■ **Problem to solve**
The result should hold only the lines from the one with "AI generated Fantasy" through the final line of the data below, transcribed exactly, pictures left out.

[Excerpts from a dataset]
· · · ·

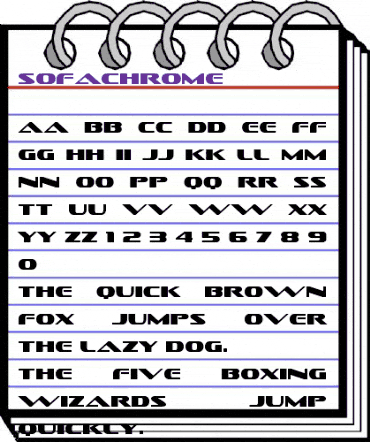 Sofachrome Regular animated font preview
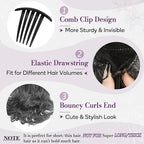 BARSDAR Short Gray Ponytail Extension - 10 Inch Wavy Drawstring Ponytail Hair Extensions for Women - Synthetic Comb Clip in Ponytail Hairpieces Fake Pony Tails Daily - Dark Gray Mixed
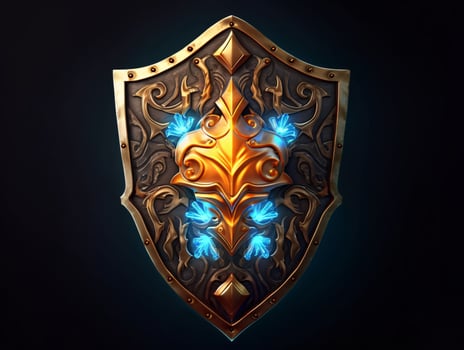 AI generated Fantasy Medieval Shield Isolated on Black Background. Shield with Game Style. Generative AI photo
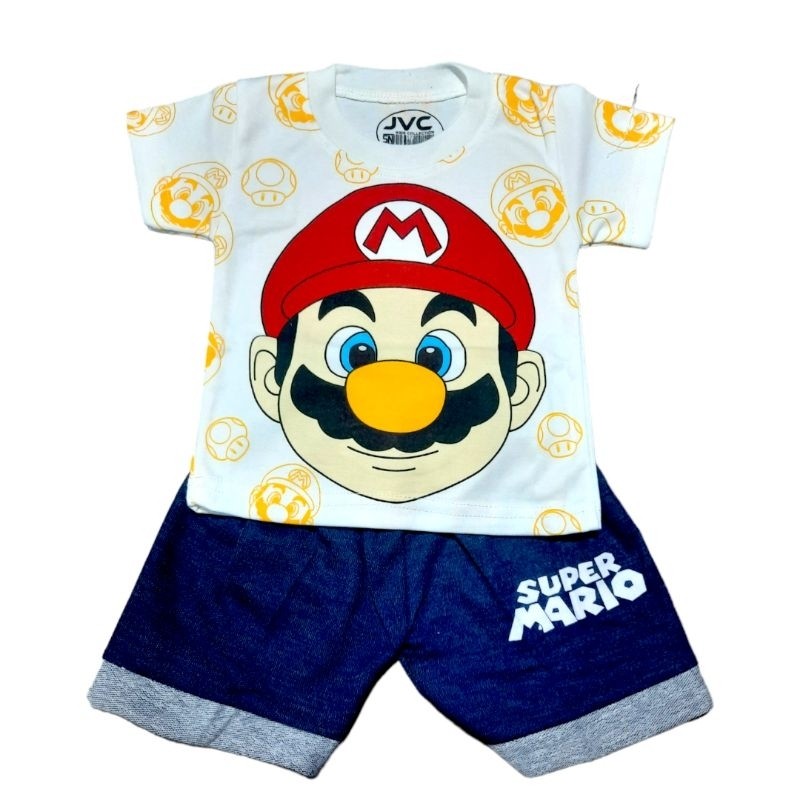 [PHINTSGROSIR 19.500x3PC] JVC KIDS - NEW MOTIF SETCEL DENIM KAOS PUTIH SML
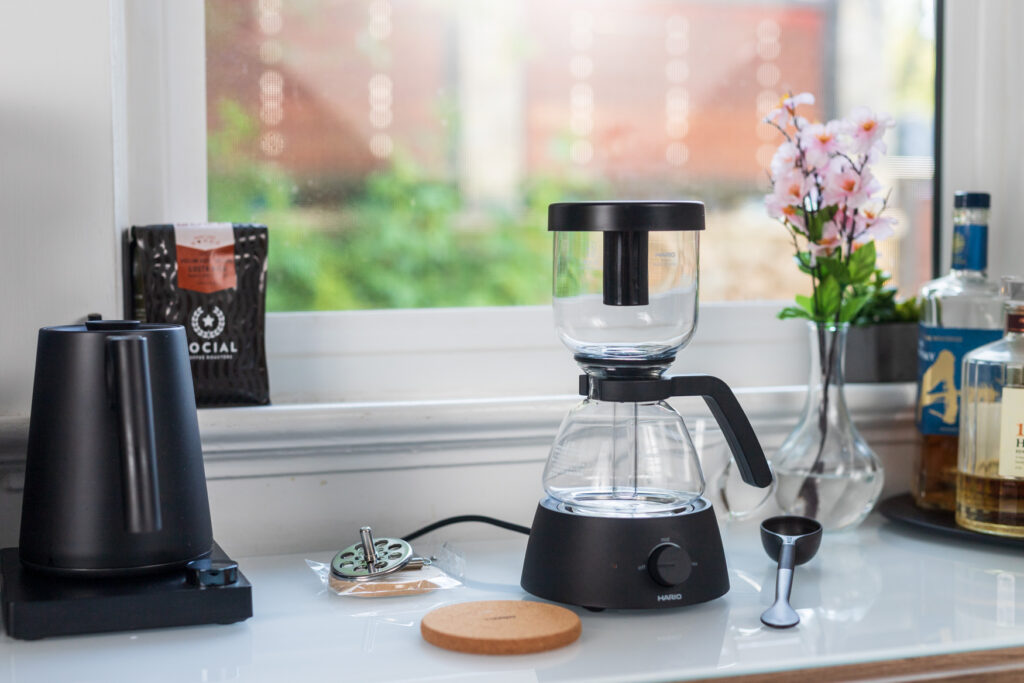 The Hario Electric Siphon Coffee Maker has a nice low profile and fits nicely on most counters.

· · · ·

■ **Output for this task**
 AI generated Fantasy Medieval Shield Isolated on Black Background. Shield with Game Style. Generative AI photo
 [PHINTSGROSIR 19.500x3PC] JVC KIDS - NEW MOTIF SETCEL DENIM KAOS PUTIH SML
 The Hario Electric Siphon Coffee Maker has a nice low profile and fits nicely on most counters.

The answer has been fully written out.